A fascinating and topical book about vaccination and inoculation.
This is a book by an anxious mother looking into the pros and cons of the vaccination debate and looking at immunity through history. The cover picture shows Achilles dipped into the river Styx by his mother hoping to protect him, the mother holding him by his heel, the only part of him that was unprotected and thus left him vulnerable. Vaccination or inoculation has always been controversial, in the nineteenth century there were conscientious objectors to mass vaccination programmes. Now in America there are some mothers who are strongly anti-vaccination believing it to be linked with autism. It would seem the evidence is on the side of science and that it is the socially responsible thing to vaccinate your child.
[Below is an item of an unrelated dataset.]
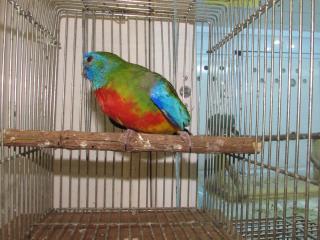 IN-2417 　ヒムネキキョウインコの親物　雄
There is a lot in the book about herd immunity, where the vaccinated are protecting those who are unvaccinated. In the past there were mass inoculations of the poor which would indirectly protect the rich. The study linking vaccination to autism has been discredited but the nature of the internet means information, even if later corrected remains always accessible. “Misinformation that finds a host enjoys a kind of immortality on the Internet.” Eula Bliss talks to scientists and has some sympathies with the mothers who decide against vaccination. Her own son has many allergies and suffered croup.
The book goes off on many tangents looking at among other things the language of inoculation: “The British call it a “jab”, and Americans, favoring guns, call it a “shot”. Either way, vaccination is a violence.” There is also much talk of Dracula and the metaphor of Dracula as a disease, coming to England by boat as did many plagues.
It is an entertaining read and easily accessible for a non scientist like me.